Looks like a new high water mark for farfetched posts about the Second Amendment.
Posted by: ab | Feb 24, 2009 1:51:50 PM
I wonder what the Chief and Scalia are getting (or have already received) in return for not pointing out the elephant in the room. I smell a little judicial horse-trading.
Posted by: Anon | Feb 24, 2009 2:57:15 PM
Would you feel the same, ab, if the issue in Hayes was whether persons who committed certain misdemeanors had a right to go to church or a right to author a book without being subject to federal criminal prosecution? Should/would the Justices in a parallel criminal prosecution setting talk about safeguarding First Amendment rights to free exercise and free speech --- or just say that there is nothing wrong with going to church or writing a book?
My point is that all the Justices ONLY talk a good game about gun rights when it serves their limited interests (as in Heller), but then are readily dismissive about the importance of gun possession when it doesn't serve their interests (as in Hayes). To me, this shows that they care about something quite distinct from gun rights, though what they actually care about other than just stirring the political pot escapes me.
Posted by: Doug B. | Feb 24, 2009 3:02:36 PM
Doug, are you a law professor? For reasons that should be obvious, the government has the power to regulate guns and that includes the ability to restrict ownership of a weapon by certain people (how far that ability goes is another issue). The government is without power to regulate church attendance or free speech. That explains the different treatment.
Posted by: federalist | Feb 24, 2009 3:22:26 PM
The government is without power to regulate free speech? So I CAN yell "fire" in a crowded theatre? Who knew?
Posted by: AFPD | Feb 24, 2009 3:44:38 PM
Oh yes, AFPD, and it can regulate libel, and it can regulate commercial speech. By using the term "free speech", I was hoping to avoid such muddying things. The point is, and your snark to the contrary doesn't change it, that guns and free speech are different, and anyone with half a brain knows this.

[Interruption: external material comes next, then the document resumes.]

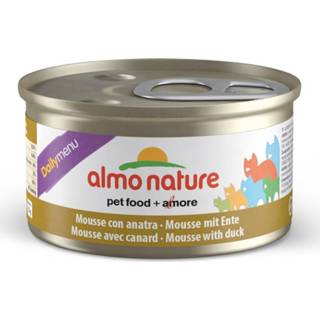 👉 Active Almo Nature Dailymenu Kat Mousse Eend 85 gr 8001154125306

Posted by: federalist | Feb 24, 2009 4:10:37 PM
I'm just a common citizen who is watching the Constitution being interpreted more on political expediency than on principle. As a matter of fact, the government is moving to censor free speech in church with its hate crime approach to church doctrine. Try preaching about the practice of homosexuality as anathema in Judeo-Christian scripture and see what happens. Wait another 10 years and see an even more protective and strident response. The US government has no right to influence doctrine through any of its available tactics. Separation of Church and State works both to protect citizens from a state sponsored religion as well as to protect churches from government intrusion in belief and conscience.
The 2nd Amendment isn't just about protecting your home from the boogey man, it's more about protecting your liberties from the bastards who pose as the heirs of our Founding Fathers. Our liberties flow from the Christian ideal of the value of the individual. The move to bigger government, for "social Justice" is a move to collectivism and the minimization of the role of the individual. That's why Christianity must be a target for the left. Christian principle stands in stark contrast to leftist ideology. Individual gun ownership makes it more difficult for oligarchs to impose their will on the non-apathetic citizen. The assaults on the 2nd amendment are just the prologue to an advancing assault on all of our Constitutional rights.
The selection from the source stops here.